• **Exercise**: Could you reproduce, word for word, everything below from the line containing "dogs in the woods" down to the line containing "Scenic landscape of", with both of those lines included and no others?

• **Data to examine**:

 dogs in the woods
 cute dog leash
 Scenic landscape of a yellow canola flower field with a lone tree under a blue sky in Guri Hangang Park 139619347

==

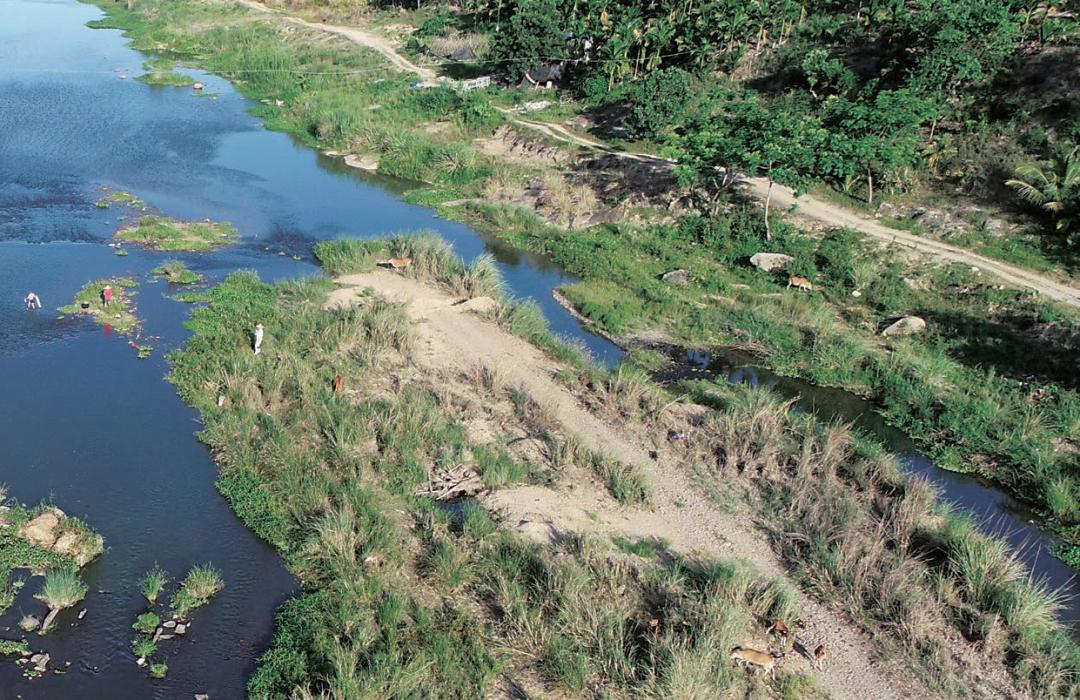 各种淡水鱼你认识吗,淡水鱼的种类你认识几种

==

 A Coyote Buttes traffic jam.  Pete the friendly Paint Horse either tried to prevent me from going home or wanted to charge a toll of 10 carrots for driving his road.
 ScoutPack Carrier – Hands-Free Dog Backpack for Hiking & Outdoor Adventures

• **Expected answer**:
 dogs in the woods
 cute dog leash
 Scenic landscape of a yellow canola flower field with a lone tree under a blue sky in Guri Hangang Park 139619347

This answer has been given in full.